Porque De Ronde es muy dura: 2.000 metros de desnivel en 158 kilómetros con una altura máxima de 140 metros sobre el nivel del mar. Es algo que no tiene mucho sentido sin esos muros que trazaron los antiguos agricultores para cruzar de un lado a otro de las Árdenas flamencas, con los adoquines para que no se escurrieran las bestias, hace un siglo, y no patinen los tractores, ahora. “También podían hacer a los ciclistas subir por las escaleras”, dicen que dijo Eddy Merckx aquel día de 1968 en el que tuvo que echar pie a tierra en el Koppenberg, en aquella primera edición en la que su archienemigo Godefroot tuvo la genial idea de incluirlo en De Ronde. Y sí, el Koppenberg es un muro en el que incluso en seco patina la bici cuando te pones de pie. Muy duro. Durísimo.

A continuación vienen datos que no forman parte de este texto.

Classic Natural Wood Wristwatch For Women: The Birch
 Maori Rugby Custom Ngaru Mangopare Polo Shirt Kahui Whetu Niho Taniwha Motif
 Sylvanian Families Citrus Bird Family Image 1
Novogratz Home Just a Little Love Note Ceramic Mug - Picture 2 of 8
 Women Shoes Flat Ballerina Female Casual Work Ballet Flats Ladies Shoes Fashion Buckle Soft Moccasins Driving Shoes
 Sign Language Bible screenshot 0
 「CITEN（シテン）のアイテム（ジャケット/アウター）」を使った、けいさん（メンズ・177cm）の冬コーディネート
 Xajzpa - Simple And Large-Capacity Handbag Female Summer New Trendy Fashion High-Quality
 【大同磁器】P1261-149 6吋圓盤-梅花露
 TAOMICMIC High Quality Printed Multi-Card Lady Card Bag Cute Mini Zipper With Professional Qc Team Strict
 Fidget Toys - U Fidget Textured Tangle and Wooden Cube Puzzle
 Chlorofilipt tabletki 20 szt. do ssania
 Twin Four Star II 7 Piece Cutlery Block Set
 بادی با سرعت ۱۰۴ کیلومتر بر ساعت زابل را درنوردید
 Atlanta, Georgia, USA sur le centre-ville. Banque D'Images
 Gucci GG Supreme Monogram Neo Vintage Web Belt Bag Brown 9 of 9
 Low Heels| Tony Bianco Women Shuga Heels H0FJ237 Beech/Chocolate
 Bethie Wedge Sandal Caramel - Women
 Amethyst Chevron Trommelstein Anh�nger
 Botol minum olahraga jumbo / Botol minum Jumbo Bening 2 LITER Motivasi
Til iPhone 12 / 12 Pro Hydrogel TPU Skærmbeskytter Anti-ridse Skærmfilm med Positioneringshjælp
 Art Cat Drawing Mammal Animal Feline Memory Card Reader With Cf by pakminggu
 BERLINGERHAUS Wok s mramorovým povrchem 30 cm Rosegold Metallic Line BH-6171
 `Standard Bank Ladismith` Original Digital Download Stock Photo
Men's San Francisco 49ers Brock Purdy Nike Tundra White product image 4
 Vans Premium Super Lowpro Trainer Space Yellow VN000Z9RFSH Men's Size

Y para acabar, Wembley. Cicloturistas como De Ronde son algo así como echar la pachanga con tus colegas en el estadio de la final de la Champions el día de antes: Oude Kruisberg, Hotond, Oude Kwaremont y el Paterberg. El terrible encadenado en el que Pogaçar iba a destrozar a Van der Poel se nos presentaba con sus vallas, su publicidad, sus pancartas de los últimos kilómetros y su meta en Ourdenarde tras la recta interminable del viento en contra. Pedaleamos junto a las carpas de la gente VIP, la que paga por beber champán junto a grandes pantallas de televisión para seguir la carrera enfrente de la plebe, los que acuden al Kwaremont como de romería, con la mochila cargada de cervezas y comida, de disfraces, de banderas del león con la lengua roja o negra, con una pasión por el ciclismo que los transforma.

Parece que odian a las bicis si meten a los ciclistas por ese infierno empedrado, pero no. Las aman y las respetan. Los revisores del tren se paran contigo para discutir cuáles son los favoritos, para reconocer que lo de las vueltas por etapas les aburre y para recordar que ellos han visto por allí a los mitos. Las señoras que te ven en bici y te preguntan si vas a De Ronde, las caseras que te desean suerte o esa inmensidad de carriles bici e infraestructuras en las que el ciclista es siempre la prioridad.